Cold-formed steel sheathing connections at elevated temperature.

The objective of this paper is to provide experimental results related to the elevated temperature performance of connections between cold-formed steel members and sheathing. Cold-formed steel building structures rely on sheathing for their mechanical benefits including bracing against member twist, global flexural and flexural-torsional buckling, and cross-section distortional buckling, as well as to supply lateral strength and energy dissipation in shear walls and diaphragms. Sheathing is also relied upon for non-structural benefits, including: fire, acoustic, and thermal performance. Predicting the degradation of the connection performance between cold-formed steel members and sheathing at elevated temperature is critical for any attempt to predict the structural performance of cold-formed steel buildings under fire demands.
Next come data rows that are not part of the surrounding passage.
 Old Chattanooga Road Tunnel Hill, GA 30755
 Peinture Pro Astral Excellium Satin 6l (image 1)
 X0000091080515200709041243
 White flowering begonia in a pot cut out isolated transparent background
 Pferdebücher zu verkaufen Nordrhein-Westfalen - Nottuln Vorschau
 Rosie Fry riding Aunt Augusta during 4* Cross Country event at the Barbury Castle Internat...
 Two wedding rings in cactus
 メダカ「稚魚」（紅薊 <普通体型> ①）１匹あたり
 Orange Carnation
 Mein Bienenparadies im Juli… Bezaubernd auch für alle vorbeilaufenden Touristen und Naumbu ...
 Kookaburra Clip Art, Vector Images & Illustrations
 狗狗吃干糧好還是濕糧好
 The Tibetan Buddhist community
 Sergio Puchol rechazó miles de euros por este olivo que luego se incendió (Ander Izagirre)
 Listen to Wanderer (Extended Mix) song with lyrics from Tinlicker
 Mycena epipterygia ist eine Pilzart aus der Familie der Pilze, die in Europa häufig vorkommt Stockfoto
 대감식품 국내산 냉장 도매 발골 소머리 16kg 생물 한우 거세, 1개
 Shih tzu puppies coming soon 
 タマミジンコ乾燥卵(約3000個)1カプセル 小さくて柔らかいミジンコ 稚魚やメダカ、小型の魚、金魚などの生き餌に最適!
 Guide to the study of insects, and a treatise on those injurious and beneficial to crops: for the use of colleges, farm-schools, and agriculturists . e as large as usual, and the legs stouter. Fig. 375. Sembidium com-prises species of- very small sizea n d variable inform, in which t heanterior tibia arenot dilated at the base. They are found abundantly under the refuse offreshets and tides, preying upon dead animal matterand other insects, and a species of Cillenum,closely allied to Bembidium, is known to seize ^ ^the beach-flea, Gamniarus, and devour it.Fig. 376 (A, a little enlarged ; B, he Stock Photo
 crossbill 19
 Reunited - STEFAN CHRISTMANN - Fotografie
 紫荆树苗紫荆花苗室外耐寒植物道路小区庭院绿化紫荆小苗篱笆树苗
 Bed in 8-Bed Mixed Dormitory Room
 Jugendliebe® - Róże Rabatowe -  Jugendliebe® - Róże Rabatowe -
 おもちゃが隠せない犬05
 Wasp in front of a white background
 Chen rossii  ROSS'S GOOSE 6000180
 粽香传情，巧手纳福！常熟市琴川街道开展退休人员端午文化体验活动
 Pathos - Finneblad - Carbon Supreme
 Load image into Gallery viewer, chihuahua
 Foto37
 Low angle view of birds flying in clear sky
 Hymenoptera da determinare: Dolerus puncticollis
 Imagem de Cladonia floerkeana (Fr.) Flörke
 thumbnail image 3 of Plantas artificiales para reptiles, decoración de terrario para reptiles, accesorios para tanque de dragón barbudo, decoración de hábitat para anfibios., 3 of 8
Steady-state connection tests were conducted under in-plane shear and pull-through at temperatures up to 400 °C for cold-formed steel members attached to gypsum board and oriented strand board. By combining the conducted tests with others in the literature retention factors for initial stiffness and ultimate strength of the connections are proposed. • Sheathing bracing is critical to the performance of cold-formed steel studs employed in buildings. • Performance of OSB and gypsum sheathing connections degrade precipitously with elevated temperature causing a loss of stud bracing. • Fire performance-based design of CFS structures is enabled through retention factors for cold-formed steel-to-sheathing connections. [ABSTRACT FROM AUTHOR]